Cloudflare has launched a new feature called Speed Brain that customers can enable to help their websites load faster. 

Speed Brain prefetches the most likely content a user may navigate to next by using Cloudflare’s Speculation Rules API. 

“The main goal of Speed Brain is to download a web page to the browser cache before a user navigates to it, allowing pages to load almost instantly when the actual navigation takes place,” Cloudflare wrote in a blog post.

For example, it can infer from the global request logs of a clothing ecommerce site that the typical visitor viewing the “Mens > Clothes” page would next navigate to “Shirts.” Thus, Cloudflare starts delivering static content, like images, before the visitor even clicks on the button. Then, when the user actually clicks the link to navigate to “Shirts,” the page can load instantly. 

It also has guardrails in place to prevent state prefetches (IE information changes over time and prefetches may include outdated information) and incorrect prefetching, which means a page was prefetched but never actually visited, resulting in wasted resources. 

This is achieved via Document Rules, which allows prefetching to be dynamically applied across the webpage, and Eagerness, which controls how aggressively the browser prefetches content and has been set to conservative for the initial release. 

“While we lose out on the potential performance improvements that the more aggressive eagerness settings offer, we chose this cautious approach to prioritize safety for our users. Looking ahead, we plan to explore more dynamic eagerness settings for sites that could benefit from a more liberal setting, and we’ll also expand our rules to include prerendering,” Cloudflare wrote. 

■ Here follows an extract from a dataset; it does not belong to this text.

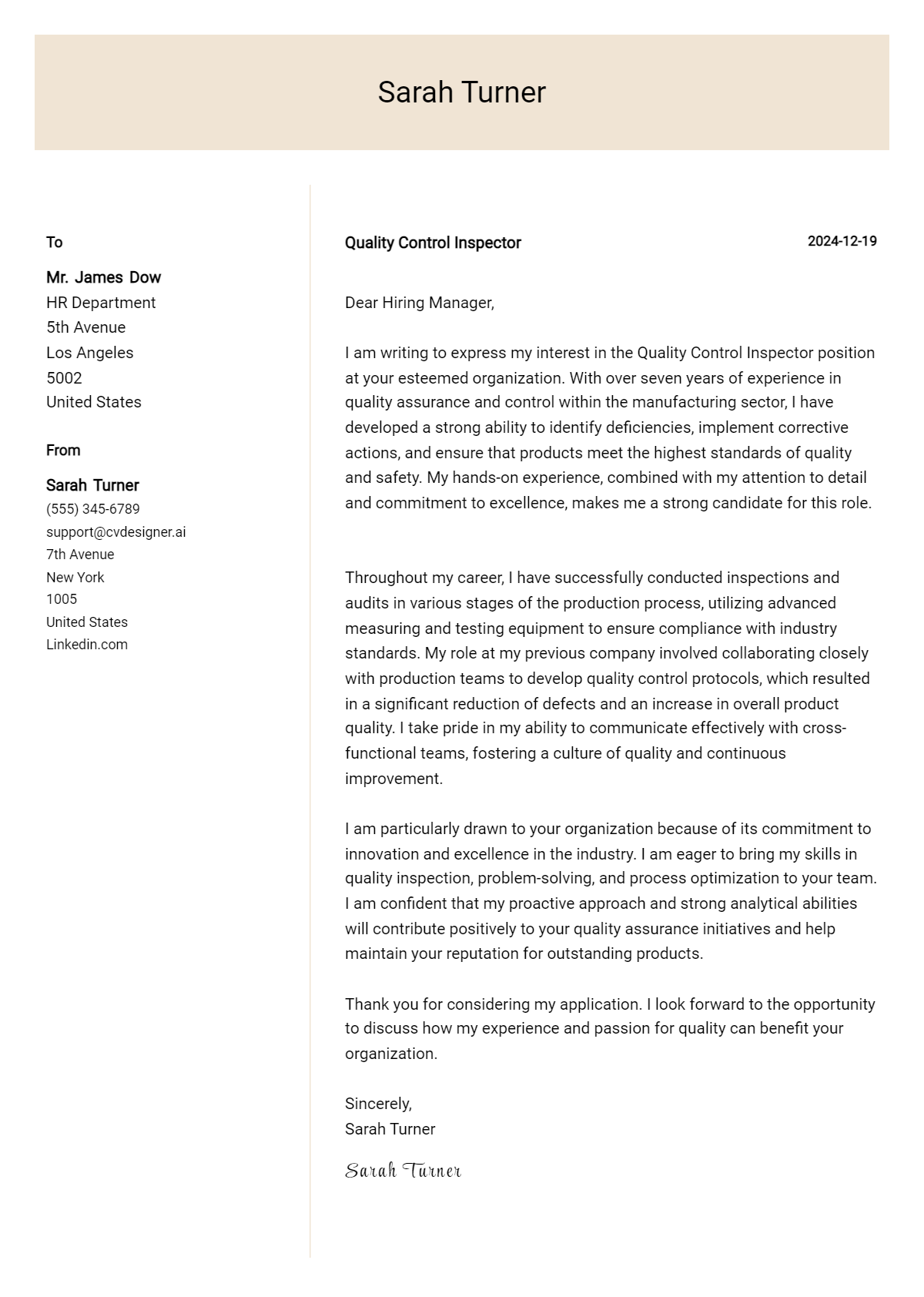 quality control inspector cover letter example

Speed Brain is now available for all plan types for no additional cost. It has also been enabled by default already for free domains, and has to be turned on manually for Pro, Business, and Enterprise domains. It can be toggled on and off from the Cloudflare dashboard or API. 

According to Cloudflare, early observations from the free domains who have this enabled show an average of 45% reduction in Largest Contentful Paint (LCP), which is “the time it takes for the largest visible element (like an image, video, or text block) to load and render in the browser.”